[[ INFORMATION PROVIDED open ]]

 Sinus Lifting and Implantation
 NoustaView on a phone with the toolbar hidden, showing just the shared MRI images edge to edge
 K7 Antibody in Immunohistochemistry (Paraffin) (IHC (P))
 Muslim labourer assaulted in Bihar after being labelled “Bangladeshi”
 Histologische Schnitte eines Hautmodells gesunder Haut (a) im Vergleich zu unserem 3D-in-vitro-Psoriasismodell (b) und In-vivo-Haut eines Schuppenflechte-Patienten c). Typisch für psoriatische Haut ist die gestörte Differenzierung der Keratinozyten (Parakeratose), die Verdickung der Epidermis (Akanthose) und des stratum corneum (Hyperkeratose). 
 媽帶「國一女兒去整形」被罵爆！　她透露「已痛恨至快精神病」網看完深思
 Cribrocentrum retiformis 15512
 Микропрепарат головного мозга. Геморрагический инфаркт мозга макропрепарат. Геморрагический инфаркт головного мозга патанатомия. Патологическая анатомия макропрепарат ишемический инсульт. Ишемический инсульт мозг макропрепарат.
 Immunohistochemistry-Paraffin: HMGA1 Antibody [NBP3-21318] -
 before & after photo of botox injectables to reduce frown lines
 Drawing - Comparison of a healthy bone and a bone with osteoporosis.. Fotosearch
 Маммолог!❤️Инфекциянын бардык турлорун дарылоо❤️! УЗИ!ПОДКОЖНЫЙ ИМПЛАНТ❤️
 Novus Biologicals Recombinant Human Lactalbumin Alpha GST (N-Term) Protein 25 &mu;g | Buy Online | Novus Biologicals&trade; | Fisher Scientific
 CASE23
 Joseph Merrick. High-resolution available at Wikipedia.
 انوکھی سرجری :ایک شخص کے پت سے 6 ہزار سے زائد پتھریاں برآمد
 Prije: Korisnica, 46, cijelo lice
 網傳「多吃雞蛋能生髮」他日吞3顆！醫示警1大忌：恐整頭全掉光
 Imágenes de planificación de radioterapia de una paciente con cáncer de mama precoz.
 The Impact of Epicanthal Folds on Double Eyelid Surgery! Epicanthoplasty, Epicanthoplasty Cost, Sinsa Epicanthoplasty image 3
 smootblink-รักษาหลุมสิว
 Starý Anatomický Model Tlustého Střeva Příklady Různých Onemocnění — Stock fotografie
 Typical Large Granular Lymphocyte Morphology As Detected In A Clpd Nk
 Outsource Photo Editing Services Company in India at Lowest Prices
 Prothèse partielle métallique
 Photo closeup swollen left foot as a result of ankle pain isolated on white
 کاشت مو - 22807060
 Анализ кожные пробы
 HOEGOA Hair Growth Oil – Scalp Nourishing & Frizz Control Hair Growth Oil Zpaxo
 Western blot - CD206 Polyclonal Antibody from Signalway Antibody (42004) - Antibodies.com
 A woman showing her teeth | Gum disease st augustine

[[ INFORMATION PROVIDED closed ]]

▶ _WORK INSTRUCTIONS_: Transcribe the lines above precisely, keeping each one unchanged.

▶ _RESPONSE BELOW_:
 Sinus Lifting and Implantation
 NoustaView on a phone with the toolbar hidden, showing just the shared MRI images edge to edge
 K7 Antibody in Immunohistochemistry (Paraffin) (IHC (P))
 Muslim labourer assaulted in Bihar after being labelled “Bangladeshi”
 Histologische Schnitte eines Hautmodells gesunder Haut (a) im Vergleich zu unserem 3D-in-vitro-Psoriasismodell (b) und In-vivo-Haut eines Schuppenflechte-Patienten c). Typisch für psoriatische Haut ist die gestörte Differenzierung der Keratinozyten (Parakeratose), die Verdickung der Epidermis (Akanthose) und des stratum corneum (Hyperkeratose). 
 媽帶「國一女兒去整形」被罵爆！　她透露「已痛恨至快精神病」網看完深思
 Cribrocentrum retiformis 15512
 Микропрепарат головного мозга. Геморрагический инфаркт мозга макропрепарат. Геморрагический инфаркт головного мозга патанатомия. Патологическая анатомия макропрепарат ишемический инсульт. Ишемический инсульт мозг макропрепарат.
 Immunohistochemistry-Paraffin: HMGA1 Antibody [NBP3-21318] -
 before & after photo of botox injectables to reduce frown lines
 Drawing - Comparison of a healthy bone and a bone with osteoporosis.. Fotosearch
 Маммолог!❤️Инфекциянын бардык турлорун дарылоо❤️! УЗИ!ПОДКОЖНЫЙ ИМПЛАНТ❤️
 Novus Biologicals Recombinant Human Lactalbumin Alpha GST (N-Term) Protein 25 &mu;g | Buy Online | Novus Biologicals&trade; | Fisher Scientific
 CASE23
 Joseph Merrick. High-resolution available at Wikipedia.
 انوکھی سرجری :ایک شخص کے پت سے 6 ہزار سے زائد پتھریاں برآمد
 Prije: Korisnica, 46, cijelo lice
 網傳「多吃雞蛋能生髮」他日吞3顆！醫示警1大忌：恐整頭全掉光
 Imágenes de planificación de radioterapia de una paciente con cáncer de mama precoz.
 The Impact of Epicanthal Folds on Double Eyelid Surgery! Epicanthoplasty, Epicanthoplasty Cost, Sinsa Epicanthoplasty image 3
 smootblink-รักษาหลุมสิว
 Starý Anatomický Model Tlustého Střeva Příklady Různých Onemocnění — Stock fotografie
 Typical Large Granular Lymphocyte Morphology As Detected In A Clpd Nk
 Outsource Photo Editing Services Company in India at Lowest Prices
 Prothèse partielle métallique
 Photo closeup swollen left foot as a result of ankle pain isolated on white
 کاشت مو - 22807060
 Анализ кожные пробы
 HOEGOA Hair Growth Oil – Scalp Nourishing & Frizz Control Hair Growth Oil Zpaxo
 Western blot - CD206 Polyclonal Antibody from Signalway Antibody (42004) - Antibodies.com
 A woman showing her teeth | Gum disease st augustine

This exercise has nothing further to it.